Is dry-run or plan feature available in the latest nexflow version?

kopardev avatar Feb 21 '20 15:02 kopardev

This issue has been automatically marked as stale because it has not had recent activity. It will be closed if no further activity occurs. Thank you for your contributions.

stale[bot] avatar Apr 27 '20 02:04 stale[bot]

Would still love this

jimhavrilla avatar Jun 25 '20 21:06 jimhavrilla

This issue has been automatically marked as stale because it has not had recent activity. It will be closed if no further activity occurs. Thank you for your contributions.

stale[bot] avatar Nov 23 '20 01:11 stale[bot]

Nextflow now supports the ability to simulate the execution using command stubs. See #1774.

More here https://www.nextflow.io/docs/edge/process.html#stub

pditommaso avatar Nov 23 '20 06:11 pditommaso

@pditommaso a stub run does not cover the following situation, correct?
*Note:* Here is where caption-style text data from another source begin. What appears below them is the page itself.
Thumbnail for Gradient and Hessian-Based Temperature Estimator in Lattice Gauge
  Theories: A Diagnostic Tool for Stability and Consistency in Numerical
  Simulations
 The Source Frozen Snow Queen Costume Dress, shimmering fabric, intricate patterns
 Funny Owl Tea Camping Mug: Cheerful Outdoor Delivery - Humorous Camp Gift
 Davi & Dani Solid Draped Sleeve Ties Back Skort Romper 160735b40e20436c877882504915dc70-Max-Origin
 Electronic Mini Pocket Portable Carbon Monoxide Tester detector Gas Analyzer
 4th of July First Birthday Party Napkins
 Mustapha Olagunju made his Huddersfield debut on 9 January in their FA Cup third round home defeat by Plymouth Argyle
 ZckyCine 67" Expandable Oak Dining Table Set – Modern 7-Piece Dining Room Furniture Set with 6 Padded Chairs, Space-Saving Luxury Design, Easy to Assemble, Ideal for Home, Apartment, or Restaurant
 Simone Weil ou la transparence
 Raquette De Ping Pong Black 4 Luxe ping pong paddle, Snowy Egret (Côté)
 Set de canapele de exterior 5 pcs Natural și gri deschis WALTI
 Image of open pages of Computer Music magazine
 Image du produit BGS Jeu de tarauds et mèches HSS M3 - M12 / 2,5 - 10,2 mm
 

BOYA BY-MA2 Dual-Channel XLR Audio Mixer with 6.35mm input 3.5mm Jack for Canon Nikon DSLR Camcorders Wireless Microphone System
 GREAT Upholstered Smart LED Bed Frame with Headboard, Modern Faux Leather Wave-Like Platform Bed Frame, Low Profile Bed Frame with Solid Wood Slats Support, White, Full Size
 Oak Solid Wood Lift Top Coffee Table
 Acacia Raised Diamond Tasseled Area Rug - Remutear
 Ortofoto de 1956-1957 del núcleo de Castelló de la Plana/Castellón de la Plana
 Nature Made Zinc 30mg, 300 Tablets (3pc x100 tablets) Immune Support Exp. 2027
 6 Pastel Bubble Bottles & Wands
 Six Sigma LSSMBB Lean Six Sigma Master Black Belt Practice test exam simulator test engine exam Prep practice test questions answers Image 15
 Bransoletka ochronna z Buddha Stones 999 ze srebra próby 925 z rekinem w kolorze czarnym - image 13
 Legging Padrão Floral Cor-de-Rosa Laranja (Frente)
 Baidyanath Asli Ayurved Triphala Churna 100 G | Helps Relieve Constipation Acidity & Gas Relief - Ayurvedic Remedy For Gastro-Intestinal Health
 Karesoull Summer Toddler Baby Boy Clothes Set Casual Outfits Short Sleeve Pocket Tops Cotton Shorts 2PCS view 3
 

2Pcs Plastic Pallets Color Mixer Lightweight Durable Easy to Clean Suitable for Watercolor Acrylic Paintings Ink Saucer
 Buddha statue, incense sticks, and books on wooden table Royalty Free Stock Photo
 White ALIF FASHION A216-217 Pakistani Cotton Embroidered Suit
The situation:

  • The pipeline developer runs their Nextflow pipeline (e.g., large-scale requiring large amounts of compute resources & time)
  • The pipeline dies much of the way through the run (e.g., after days of running) due to an error in one step of the code (e.g., the code didn't scale to 10's of 1000's of files)
  • The pipeline developer modifies the code
  • The pipeline developer wants to know which parts of the pipeline will be re-run as a result of the code modification

I'm in that current situation, and I'm afraid that my modification will restart the pipeline from (near) the beginning, which means a loss of days and $$. I believe that a stub run must start from the beginning, and will thus not show me whether my modifications will result in a (near complete) restart of my pipeline run.

I migrated to Nextflow from Snakemake, and the --dryrun feature of Snakemake has helped me many times to avoid needless computation. It would be great to have the same functionality in Nextflow.

nick-youngblut avatar Apr 11 '23 15:04 nick-youngblut

I want to bump the feature-request for dry-runs as a previous Snakemake user.

In the meantime, if nextflow were to output the reason for reruns that would also be helpful. Snakemake has a reason for every rule.

guarelin avatar Aug 22 '23 17:08 guarelin

I took a first pass at implementing the most recent suggestions in this thread. Namely, resume a pipeline and determine which tasks would be re-executed, without actually executing them.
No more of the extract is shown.